Son yılların en sıcak kışını yaşayan Türkiye için tehlike çanları çalmaya başladı, geçtiğimiz yıllara oranla bu yıl Türkiye’ye, kışın geç gelmesi “küresel ısınma” problemini yeniden gündeme getirdi.
1991Meteoroloji Genel Müdürlüğü’nün verilerine göre 1991-2020 yılları arasında 4.8 santigrat derece ölçülen ortalama sıcaklık değeri 2022 yılında 8 santigrata çıkarak, geçmiş yıllara oranla 3.2 derece fark atmıştır. Tüm dünyanın gündeminde bulunan “iklim değişikliği” sorunu sadece küresel bir sorun olarak karşımıza çıkıyor.
Peki Küresel İklim Değişikliği Neden Olur?
Nüfus artışı ve beraberinde getirdiği enerji tüketimi, kömür, petrol, doğalgaz gibi fosil yakıtların kullanımı, ağaç kesimi, büyükbaş hayvancılığın artışı ve tüm bunlarla beraber insan faaliyeti sonucu ortaya çıkardığı sera gazı emisyonlarındaki artışla beraber küresel iklim değişikliğine zemin hazırlayan büyük unsurlar olarak karşımıza çıkıyor.
İnsanlık tarihi boyunca yaşam kaynaklarımızın döngüsünü oluşturan mevsimler yerini sıcak ve kurak dönemlere yavaş yavaş bırakıyor, iklim değişikliği sürecini yavaşlatmak, oluşacak zararları geciktirmek adına yapılması gereken en önemli unsurların başında bilinçli kullanım geliyor.
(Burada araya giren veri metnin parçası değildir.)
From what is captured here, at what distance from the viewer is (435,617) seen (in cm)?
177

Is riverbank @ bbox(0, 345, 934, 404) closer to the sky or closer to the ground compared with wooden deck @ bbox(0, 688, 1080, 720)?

Yaz aylarında meydana gelen orman yangınları, kış aylarında beklenen kar yağışlarının yaşanmaması, suyun gereksiz kullanımından doğan kuraklıklar, hava kirliliği vb. durumlar ise bilinçsiz kullanımın sonucunda meydana gelen olumsuzluklar olarak yer alıyor.
Çevre, Şehircilik ve İklim Değişikliği Bakanı Murat Kurum, sosyal medya hesabından yaptığı paylaşımda iklim değişikliğinin yıkıcı sonuçlarına dikkat çekerek, “Bu tablo umut vermiyor. Hep söylüyoruz, kaynaklarımız sınırsız değil. Bu bilinçle çalışıp adımlarımızı atıyoruz. Hepimiz üzerimize düşeni yapmalıyız.” ifadelerine yer verdi.